[The Constitutional History of England From 1760 to 1860 by Charles Duke Yonge]@TWC D-Link bookThe Constitutional History of England From 1760 to 1860 CHAPTER VI 12/32
A year or two before, Burke had applied himself to frame some regulations which he hoped might gradually remove the evil; but, little as he was moved by considerations of popularity or daunted by difficulty, he had abandoned the attempt, as one which would meet with a resistance too powerful to be overcome. Wilberforce was not a bolder man than Burke, but he had no other object to divide his attention, and, therefore, to this one he devoted all his faculties and energies, enlisting supporters in every quarter, seeking even the co-operation of the French government, and opening a correspondence with the French Secretary of State, M.Montmorin, a statesman of great capacity, and, what was far rarer in France, of incorruptible honesty.

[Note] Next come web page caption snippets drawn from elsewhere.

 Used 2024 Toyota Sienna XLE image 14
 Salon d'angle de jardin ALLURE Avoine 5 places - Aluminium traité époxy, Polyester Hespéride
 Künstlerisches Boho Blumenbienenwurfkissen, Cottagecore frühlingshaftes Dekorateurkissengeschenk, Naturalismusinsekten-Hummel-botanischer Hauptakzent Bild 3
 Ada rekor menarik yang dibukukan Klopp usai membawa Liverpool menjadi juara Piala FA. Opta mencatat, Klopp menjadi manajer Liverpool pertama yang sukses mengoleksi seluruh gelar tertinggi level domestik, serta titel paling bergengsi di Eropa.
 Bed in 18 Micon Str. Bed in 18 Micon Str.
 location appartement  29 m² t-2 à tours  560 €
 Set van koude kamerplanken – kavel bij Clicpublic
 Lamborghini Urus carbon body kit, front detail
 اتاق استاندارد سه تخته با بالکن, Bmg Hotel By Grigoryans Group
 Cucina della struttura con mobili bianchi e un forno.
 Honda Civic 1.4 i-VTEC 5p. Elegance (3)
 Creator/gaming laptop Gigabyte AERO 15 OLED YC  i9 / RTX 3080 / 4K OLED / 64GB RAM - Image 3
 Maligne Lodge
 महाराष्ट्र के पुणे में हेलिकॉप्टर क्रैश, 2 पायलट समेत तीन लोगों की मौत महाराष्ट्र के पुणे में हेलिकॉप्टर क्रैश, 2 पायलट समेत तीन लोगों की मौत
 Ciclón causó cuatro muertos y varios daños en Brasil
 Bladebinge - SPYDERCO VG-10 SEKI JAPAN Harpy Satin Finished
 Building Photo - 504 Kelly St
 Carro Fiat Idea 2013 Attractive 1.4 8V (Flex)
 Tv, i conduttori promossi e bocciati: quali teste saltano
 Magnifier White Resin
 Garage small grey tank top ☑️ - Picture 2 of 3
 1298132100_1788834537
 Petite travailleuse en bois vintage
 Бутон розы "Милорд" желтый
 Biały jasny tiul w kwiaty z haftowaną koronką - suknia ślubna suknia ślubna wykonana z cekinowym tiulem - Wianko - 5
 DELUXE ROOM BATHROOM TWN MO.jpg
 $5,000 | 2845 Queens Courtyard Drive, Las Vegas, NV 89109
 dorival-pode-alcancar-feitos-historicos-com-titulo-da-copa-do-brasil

M.Montmorin, however, though alive to the cruelty of the traffic, was unable to promise him any aid, alleging the fears of the French planters that its abolition "would ruin the French islands.
He said that it was one of those subjects upon which the interests of men and their sentiments were so much at variance, that it was difficult to learn what was practicable."[160] Wilberforce had already found that the English merchants were still less manageable.
Pitt had entered so fully into his views, that in 1788 he himself moved and carried a resolution pledging the House of Commons to take the slave-trade into consideration in the next session.
And another friend of the cause, Sir W.Dobben, brought in a bill to diminish the horrors of the middle passage by proportioning the number of slaves who might be conveyed in one ship to the tonnage of the vessel.